3. Materiality and data visualization.


For this elective each team member collected images with traces of use on their everyday objects. With those images a collective affective analysis was conducted, describing the unique material qualities of each example and what it expressed. Afterwards one abstract notion was chosen for further development, which was in our case ‘heedlessness’. By means of multiple interaction explorations we tried to capture ‘heedlessness’ in a designed object. The last step towards creating an interactive materiality was to integrate our findings into a composite of materials with the fitting properties. The envisioned interaction was to emulate the rotational movement of two magnets and let the center piece of the object react to this, to create ‘heedlessness’. When the object is shaken the DC motor starts to spin in burst to create a centrifugal force. The object will keep on ‘shaking’ for a few burst when the user stops the shaking movement to give unexpected haptic feedback in a playful manner.


The way I see interactive materiality drastically changed throughout the course. The weekly literature was sometimes challenging for me as I was quite inexpert of the topic interactive materiality. However, the papers all together offered me a good foundation in order to create a mindset around the evolution of materials.

The exercise of affective analysis of objects made me realize that aesthetic perception comes at a quite unconscious level and the hard part is to express the actual sensation into words, as you want them to emphasize the load of the experience. Therefore, as a group it took us some time to come to the core of a symbolic notion. For example, the symbolic notion for the door lock, which gradually moved from ‘hurry’ to ‘heedlessness’. The first time we described the notion of the door lock our interpretation of the context played a bigger role: the hasty toilet visit and the quick interaction you have with the hook. Whereas later the expression of the hook as a stand-alone was observed: the thoughtless interaction of opening a lock, the traces it leaves on the door and the careless expression of the material properties and the interaction.

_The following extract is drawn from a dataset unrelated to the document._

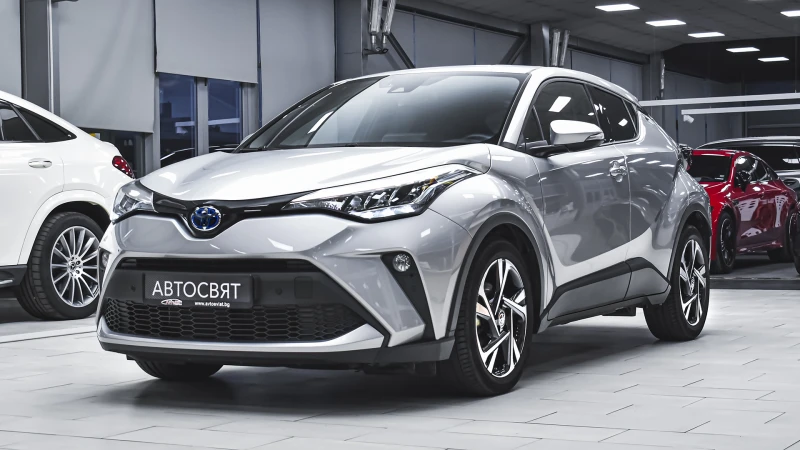 Toyota C-HR 2.0 Hybrid Club Automatic, снимка 4 - Автомобили и джипове - 51294536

Especially the paper ‘Shape-changing Interfaces: A Review of the Design Space and Open Research Questions’ [1] offered me clear examples of the theory that was described and since then I have used this work multiple times in up following projects, such as LOOP and Econundrum. I realized that my aim to create interactive physical data visualizations is quite in line with the development of interactive materiality. Similar to physicalizations, it is a fusion between the digital or technical and the physical to create greater experiences. I think that interactive materiality can strengthen physicalizations as it offers modularity and different levels of detail. Especially when aiming at visualizing complex data with lots of layers, it can be a hassle to capture all this in physical products. At that point the haptic and textural sensations could provide subtler in-depth information in a non-obtrusive manner. In that way the complex data in- and output evolves into an intuitive physical interaction.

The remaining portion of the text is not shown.